REPUBLIKA.CO.ID, SOREANG -- Dinas Perindustrian dan Perdagangan (Disperindag) Kabupaten Bandung, Jawa Barat mengungkapkan sepanjang 2017 baru sekitar delapan produk Industri Kecil dan Menengah (IKM) yang masuk ke pasar modern alias minimarket. Jumlah tersebut diakui masih sangat sedikit dibandingkan jumlah UMKM yang ada di Kabupaten Bandung.
Kepala Disperindag, Kabupaten Bandung, Popi Hopipah mengatakan masih sedikitnya jumlah produk IKM di pasar modern terjadi karena keterbatasan anggaran Disperindag dalam pengadaan PIRT dan label halal.
"Masih terbentur anggaran. Selama ini pengurusan halal dan PIRT kami yang bayarkan," ungkapnya, Ahad (18/3).
Popi mengatakan pasar modern sebetulnya terbuka dengan produk lokal. Bukan hanya minimarket yang membuka pintu. "Supermarket pun siap menunggu produk kita," ungkapnya.
Di lain sisi, para pelaku IKM maupun UKM mengeluhkan sistem pembayaran yang ditawarkan pasar modern. Popi berencana mengumpulkan pengusaha IKM dan mengusahakan keringanan. "Jangan disamakan produk lokal dengan produk pabrikan," ujarnya.
Sebagian pelaku Usaha Mikro, Kecil dan Menengah (UMKM) mengaku sulit memasarkan produk mereka di pasar-pasar modern seperti minimarket. Meskipun sudah ada imbauan agar minimarket membuka ruang untuk produk lokal, namun faktanya pelaku UMKM kesulitan menembus pasar modern.

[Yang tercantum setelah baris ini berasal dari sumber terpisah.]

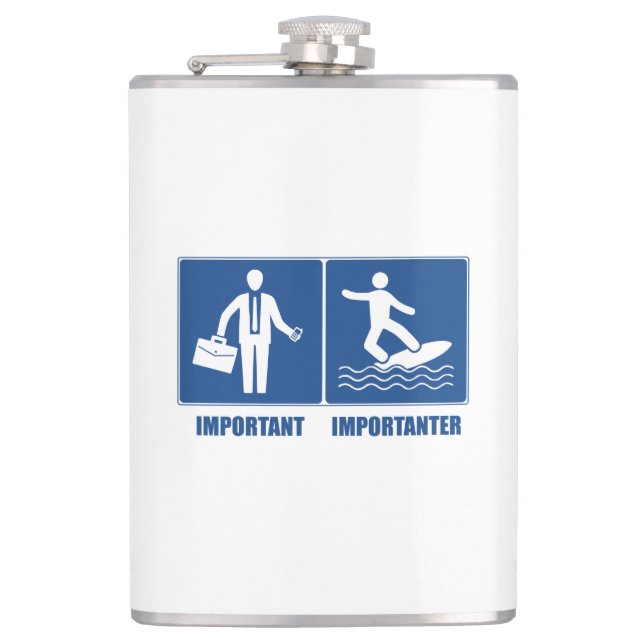Arbetet är viktigt, överlevnaden är viktig fickplunta (Framsidan)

Salah seorang pelaku UMKM di bidang kuliner asal Kabupaten Bandung, Linda Ivone Matuputty mengungkapkan kebijakan di minimarket terhadap produk-produk lokal buatan UMKM memberatkan para pelaku usaha. Pelaku usaha memasok barang setiap hari. Namun, untuk pembayaran bisa perdua bulan.
"Pembayaran perdua bulan itu memberatkan pelaku UMKM. Apalagi kan, UMKM terbatas dari segi modal," ujarnya kepada Republika.co.id saat ditemui di Braga, Kota Bandung, Ahad (18/3).